Experimental and numerical investigation of 800 MPa HSS welded T-section column strengthened with CFRP

Abstract

Carbon Fiber Reinforcement Polymer (CFRP) has been widely utilized in repairing and retrofitting engineering. The purpose of this work is to study the buckling behavior of high strength steel (HSS) welded T-section column strengthened with CFRP using experimental and numerical method. The experiment of six specimens of 800 MPa HSS welded T-section column strengthened with CFRP under axial compression is performed. The influences of three main parameters (i.e., the number of CFRP layers, the slenderness of columns, and the width-to-thickness of plates) are observed in this work. All columns fail by the debonding of CFRP layers and the flexural–torsional buckling of specimens. CFRP layer can effectively delay the local buckling of plate or the torsional buckling of specimen. CFRP layer and slenderness has significant influences on the bearing capacity of specimens.

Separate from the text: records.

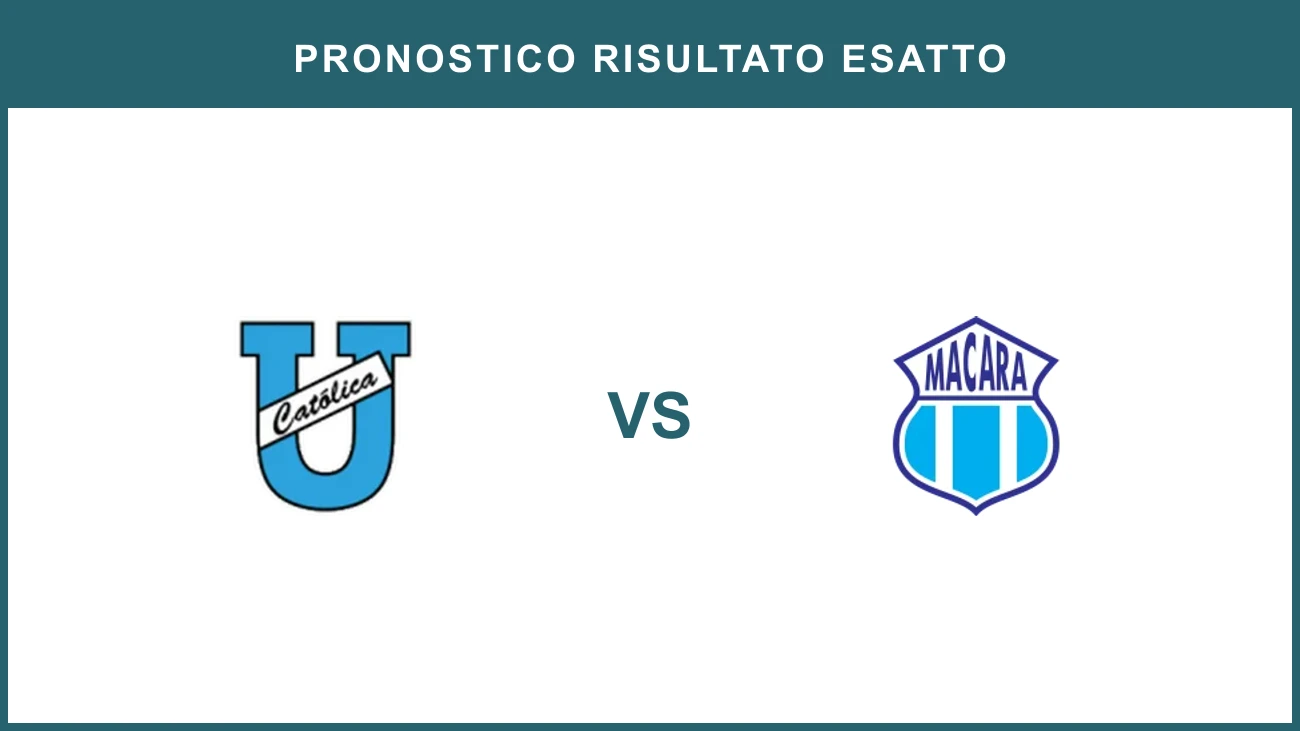 Universidad Catolica vs Macara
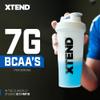 XTEND Sport BCAA Powder Blue Raspberry Ice - Electrolyte Powder for Recovery & Hydration with Amino Acids - 30 Servings view 4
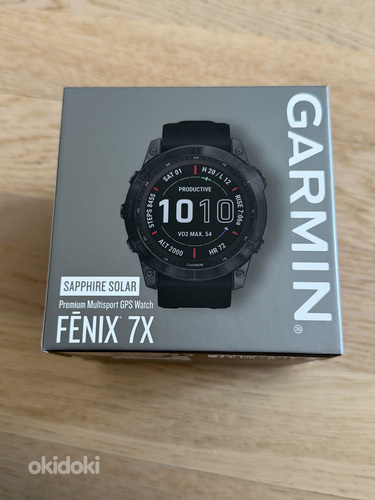 Garmin Fenix 7X sapphire solar 51mm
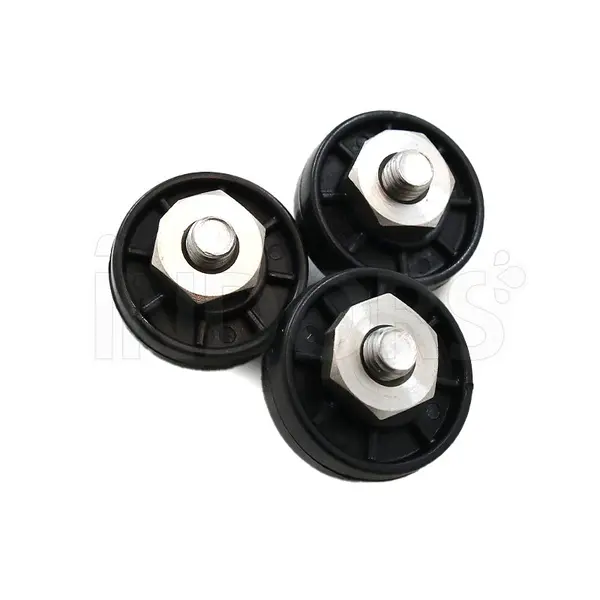 Lavor 10001-08526 / 5.511.1510 - Kit 3 Ruotini di Ricambio Quick 36 fino 2016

The flexural and torsional displacement of columns strengthened with CFRP is much smaller than that of columns without CFRP. A finite element (FE) method for estimating the bearing capacity of HSS welded T-section column strengthened with CFRP is developed using ANSYS software. It is found that the confining effect of CFRP is more effective for stub columns. A more accurate model modified from Cadei et al.’s model for estimating the bearing capacity of 800 MPa HSS welded T-section column strengthened with CFRP under compression is proposed.